“Beauty cannot be measured, you see. It must be perceived.”
The following paragraphs are taken from an article by Lili Földes entitled The Other Masters of the Keyboard, published in the 1970s. Through the experience of being married to a concert pianist (Andor Földes) and the keen eye of a journalist, Mrs. Foldes pulls back the curtain on the unsung artists of the keyboard – and the rest of the instrument we know as the piano.
“Shortly after I married my concert-pianist husband, a dapper man carrying a small tool kit came to our apartment. Spreading his instruments near our concert grand, he began hitting each key over and over with one hand, while adjusting the piano’s insides with the other. After well over an hour of ping, ping, ping, he began playing but only broken chords, fragments of famous pieces. Then he declared the instrument in good order and left. Poor man, I thought. He couldn’t become a pianist, so he settled for the mechanical job of piano tuner.
Now I know better. I have learned that piano technicians, as they are correctly called, are a remarkable breed of craftsmen, practicing a unique and exacting profession that takes five years to master. And they are in desperately short supply. Small wonder. Some 700,000 pianos are sold worldwide every year, ranging from $1500 uprights to $20,000 concert grands. And the average family piano should be but rarely is tuned every three months. Professional instruments require attention before every performance.”
“Tuning always begins in the center of the keyboard, with middle A, whose vibration frequency is established at 440 double vibrations per second. The tuner knocks his steel tuning fork gently against his knee and, with ears cocked like a gun dog’s, he turns the tuning pin of the middle A string until its vibrations match those of the fork. He then tunes the rest of the strings into a harmonious unity of sound.
Regulation of the piano’s action requires that each key move exactly 9.5 millimeters before the hammer strikes the strings. If one key is off by as much as the thickness of a sheet of paper, the entire balance of the keyboard could be upset.
Voicing, or adjusting tone volume and color, is the most difficult of all, for a good tone regulator must be able to “imagine” a beautiful tone with the mind’s ear. Tone quality depends on things like the force of the piano’s action and, above all, the hardness or softness of the felt covering the hammers.

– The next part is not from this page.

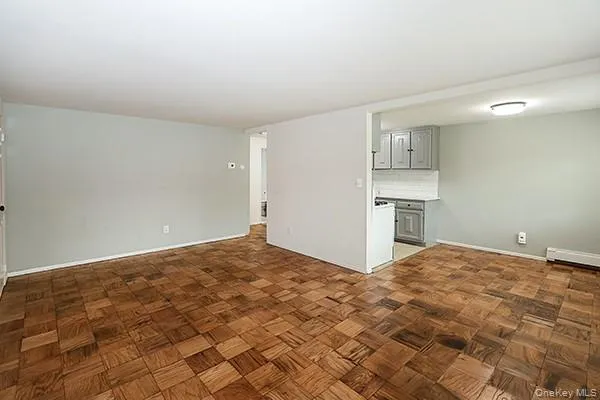 178 Jervis Avenue #178 Farmingdale, NY 11735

When the felt is new or after it has had strenuous use, it is sometimes too hard. This mars the piano’s tone, and the felt must be made more elastic by puncturing it with a threepronged instrument. It is an exacting and risky art. Puncturing the felt a fraction too deeply, or too much to one side or the other, can ruin the piano’s tone.”
“Technicians tend to think of pianos in warmly human terms. “It’s like taking a newborn baby in your hands,” master technician Franz Mohr of Steinway‘s New York headquarters told me, describing his feeling when he receives a newly finished piano for voicing. Matthias Barth, now head technician for the renowned Juilliard School of music, dance, and drama, says that he can identify the voices of most of the 220 Steinways he tends. He is on “first name terms” with them all, as he puts it, and takes boundless pride in keeping them in top shape.
‘You need many qualities to be a top piano technician,” Bob Glazebrook informed me. “But I always think of two as essential: the nerves of a high-wire artist and the patience of a brooding hen.'”
“‘Will machines ever replace piano technicians?’ I asked Kurt Albrecht, the maestro who has tone-regulated some 30,000 pianos. “Electronic devices can easily measure vibration frequency,” he replied, “but no mechanism ever will be able to accurately measure tone color.” He looked at me across the frame of a piano he was working on. ‘Beauty cannot be measured, you see. It must be perceived.'”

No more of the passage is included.